This is a joint post with Christina Droggitis.
Congratulations are in order for the Office of the Global AIDS Coordinator (OGAC)! Following the White House’s example of sharing news on a daily basis in order to create a more transparent, participatory and collaborative government, PEPFAR has recently launched both a Twitter and Facebook page to more readily inform us about their activities in the countries they support.
This is a great first step in spreading the word on PEPFAR activities, however the main purpose of these pages still remains unclear.
What should fans and followers expect to read about on these pages? How can they respond to news and updates? After a quick check of both the Twitter and Facebook pages, it seems like they are operating so far (granted both have just been launched) as one-way streams of communication. That is, PEPFAR informs us of successful programs, agreements signed, Ambassador Goosby’s travels, etc., while space for comments and questions from fans and followers is nowhere to be found. For those of you who are IT savvy and use these communication media, you know that the whole point to them is to create interactive and multi-directional communications. So, tweets and wall posts will only go so far in increasing people’s awareness of PEPFAR activities if OGAC does not maintain these as interactive sites. In the absence of a clear message about the ways in which these new communication media will be used, here are three ways in which we see that Twitter and Facebook can add value to PEPFAR’s communication strategy:
- Will communicate quickly to a large taxpayer base information about a U.S. foreign policy program so they can better understand and track policies, programs and results in real time. This is a potentially strong marketing strategy for PEPFAR that could facilitate continued support of the American people for future global development spending.

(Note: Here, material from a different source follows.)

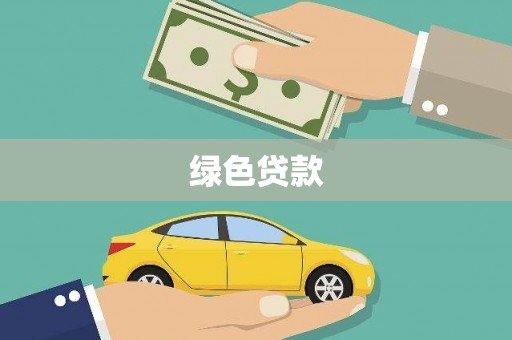 阿拉尔绿色贷款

- Will allow stakeholders in countries to understand what is happening at OGAC in Washington, D.C. For the last three years in working closely with our research partners in Mozambique, Uganda and Zambia, we have observed a definite disconnect between new policies and/or strategies from Washington D.C. and how these may be perceived by different stakeholders in the three countries. Tweets and Facebook posts can provide an interactive way to involve a broader audience from all over the world in the workings of an unprecedented foreign assistance program and provide them with an opportunity to learn and comment on policy changes, program implementation and real action in countries.
- Will provide a one-stop shop for the most current news about PEPFAR, and provide an alternative to the sometimes archaic and arcane pepfar.gov website.
As Ambassador Goosby steers PEPFAR in new and important directions [see here] Facebook and Twitter are two important media for a much needed strategic communication plan that will send the right messages to a range of country-based actors—governments, program implementers, civil society groups and beneficiaries—about policy changes and what this means for them. Consider a recent brouhaha over an article in one of Uganda’s leading dailies where a journalist described PEPFAR’s funding to Uganda as at risk. While further research into the situation (checking with country based HIV/AIDS Monitor colleagues and staff at OGAC in DC) shows that a more intriguing set of issues (including local politics) exacerbated these claims, it also demonstrates that important messages about PEFPAR policy changes and how they will affect programs have not been provided and/or reached a range of stakeholders on the ground. The unnecessary negative publicity for PEPFAR and for the Ugandan Government was palpable and was quickly dispelled with a letter from the U.S. Embassy in Kampala in another local Ugandan newspaper. Moving forward, PEPFAR can minimize or avoid such incidents by clearly laying out policy changes as they happen and the real life implications of these changes for different stakeholders. Avoiding confusion at the country level is a high and immediate priority for Ambassador Goosby and his global team as they do the hard work of translating better policies in to programs, so Twitter and Facebook can certainly help get the word out.
PEPFAR’s Twitter and Facebook pages signal a first good step in the right direction towards greater transparency, but there’s opportunity for OGAC to take a big leap and share much more. As the HIV/AIDS Monitor team has recommended here and here, the next steps for PEPFAR should include the sharing of funding and programmatic data to improve the effectiveness of HIV/AIDS spending.